As for the rest of the world, only Japan, South Korea, Norway, Russia, Sweden, and Taiwan have even begun the first steps toward a 4G rollout. We will probably see a handset called the iPhone 4G as soon as there's enough 4G wireless coverage to warrant putting a 4G antenna and chipset in it. Based on the current rate of 4G network deployments in the States, to say nothing of the rest of the world, that's at least a year or more in the future.

Given that the next iPhone is almost certainly not going to be called the iPhone 4G, why is everybody under the sun calling it that anyway? Read on to find out.

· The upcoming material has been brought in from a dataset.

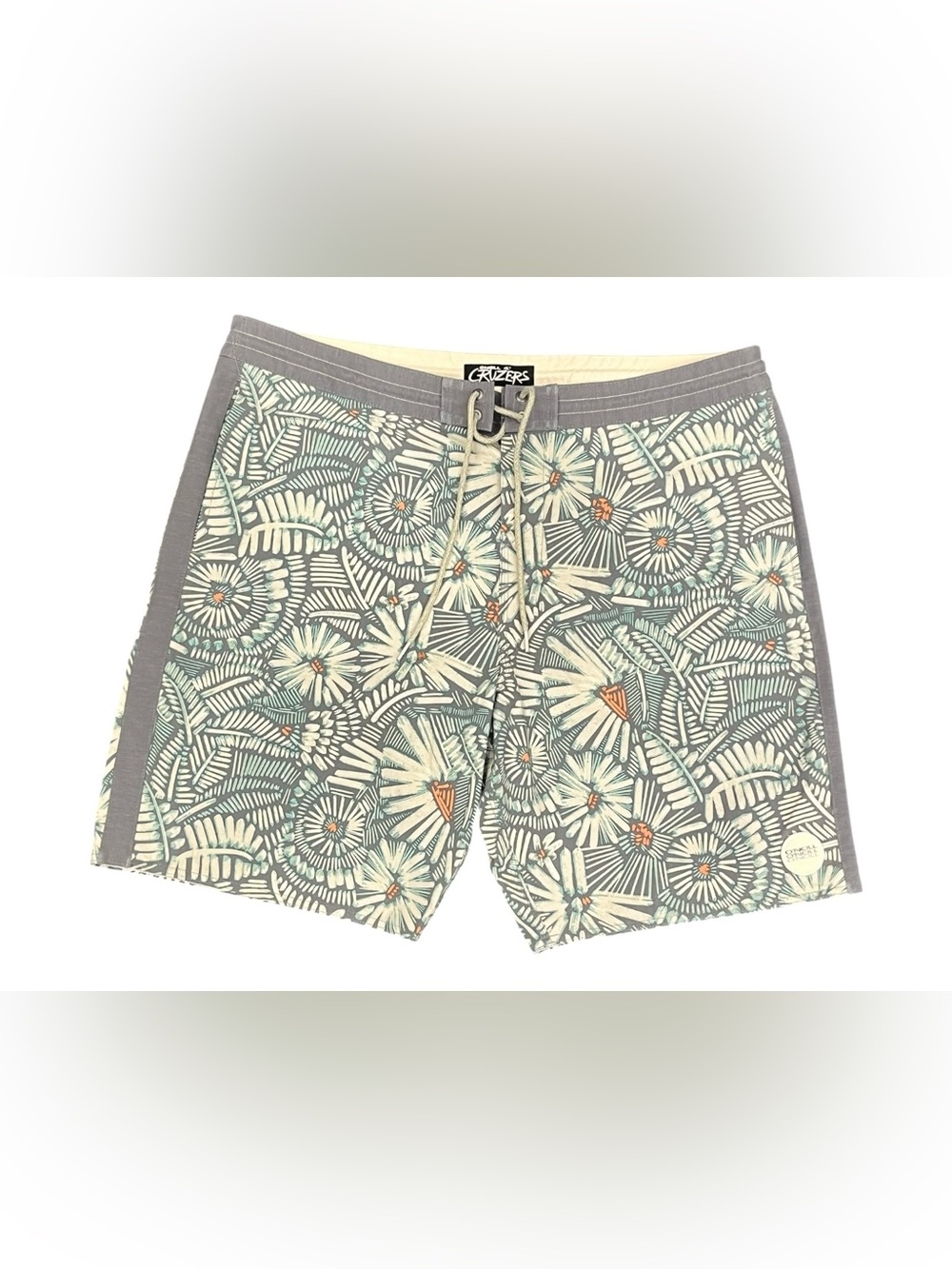 O'Neill‎ Cruzers | Gray and White Floral Botanical print Board Shorts 38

Apple's official names for its products are generally simple. Although the current iMac bears very little resemblance to its 1998 ancestor, both products have the exact same name. In the hands of Sony or Dell the current iMac might be called the "iMac 12390 XMT" or something similar to differentiate it from the slightly slower and less capacious "iMac 10460 TMI" that they sold last year, but Apple keeps it simple: if it's an all-in-one desktop computer, it's an iMac. The End.

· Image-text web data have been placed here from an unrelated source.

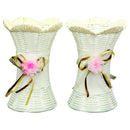 WOVEN WHITE VASE TALL WITH RIBBON FLOWER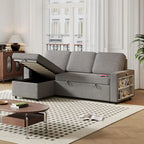 Canapé-lit convertible 217,9 cm avec port USB et étagères de rangement, en forme de L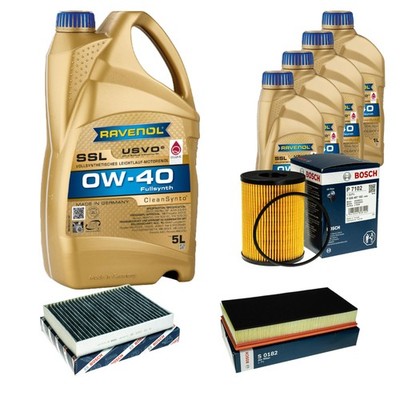 BOSCH Inspektionspaket 9L RAVENOL SSL 0W-40 für Porsche Cayenne 4.8 S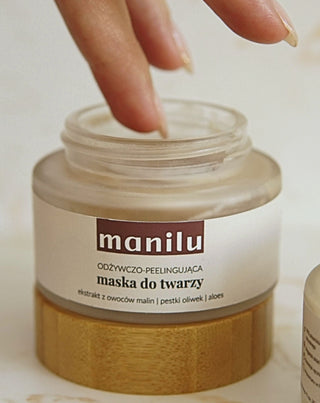 Voedend exfoliërend gezichtsmasker met olijfzaad- en macadamia-olie Manilu - 3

Even within product lines, the names generally remain the same. The current 64 GB iPod touch has the exact same name as the 8 GB iPod touch that came out in 2007 despite all the capacity and features it's gained since then. In fact, the iPhone is pretty much the only hardware Apple sells that's had name changes for each one of its iterations. Adding the "3G" moniker to the iPhone helped establish it as a very different device from its predecessor; naming the next iPhone after that the iPhone 3GS was a necessary evil, because both products are sold side-by-side to this day and have different capabilities.

In the case of almost all Apple hardware except the iPhone, there's a necessity for semi-official or unofficial nicknames for products in order to differentiate them. Nowhere has this been more obvious than the iPod. Officially, up until the rebranding of the hard-drive-based line as the iPod Classic, all full-sized iPods were merely called "iPod." Apple's documentation has given these various generations different names -- iPod (scroll wheel), iPod (touch wheel), iPod (dock connector), and so on -- but for the rest of us, it's been far easier to refer to iPods by generation number. Thus, the iPod (scroll wheel) becomes the first-generation iPod, and the iPod (touch wheel) becomes the second-generation iPod... or iPod 1G and iPod 2G for short.

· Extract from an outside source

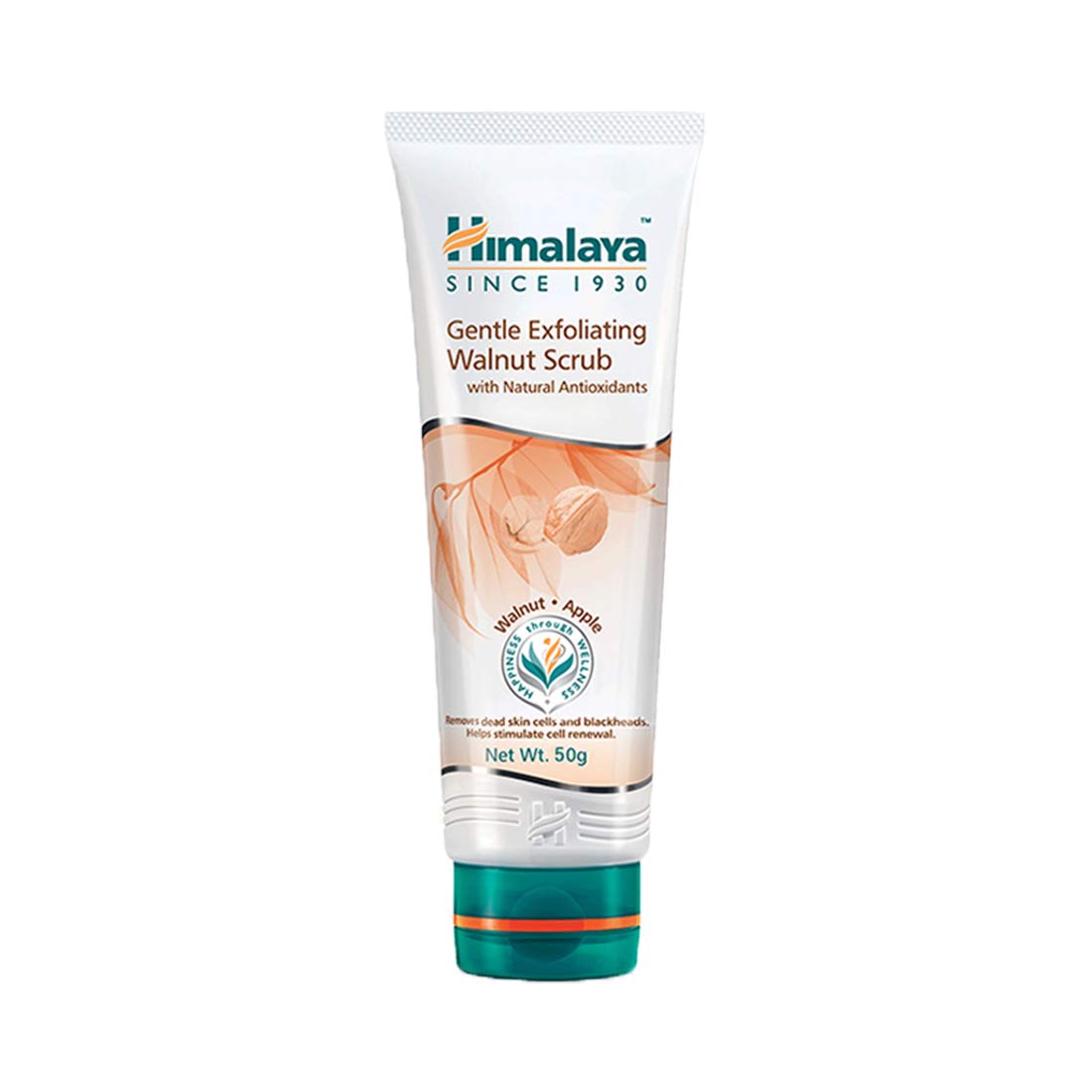 Himalaya walnut face scrub 50g tube for gentle exfoliation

The iPod 1G/2G, 3G, 4G, and 5G

This shorthand nicknaming convention worked well for years... until Apple threw a monkey wrench into the works by naming their second-generation iPhone the iPhone 3G. And, because there's an actual 4G network scheduled for deployment sometime between later this year and the next arrival of Halley's Comet, presumably there'll be an actual iPhone 4G as well, eventually. Confused yet?

Right now, when someone in the tech world says "iPhone 4G" what they mean is "the fourth-generation iPhone." No one's implying the next iPhone will have 4G capabilities in it (it won't) or, worse, that the next iPhone will have a 4 GB capacity (absolutely not). In fact, given how almost no one thought the iPad would actually be called that instead of the iSlate, it's unlikely we'll know what the next-gen iPhone will actually be called until Steve whips one out on stage. Meanwhile, despite any confusion it may cause, and in the interest of saving wrist strain from typing out "fourth-generation iPhone" a thousand times between now and July, it's likely that most sites will keep calling it the iPhone 4G until Apple gives us the real name.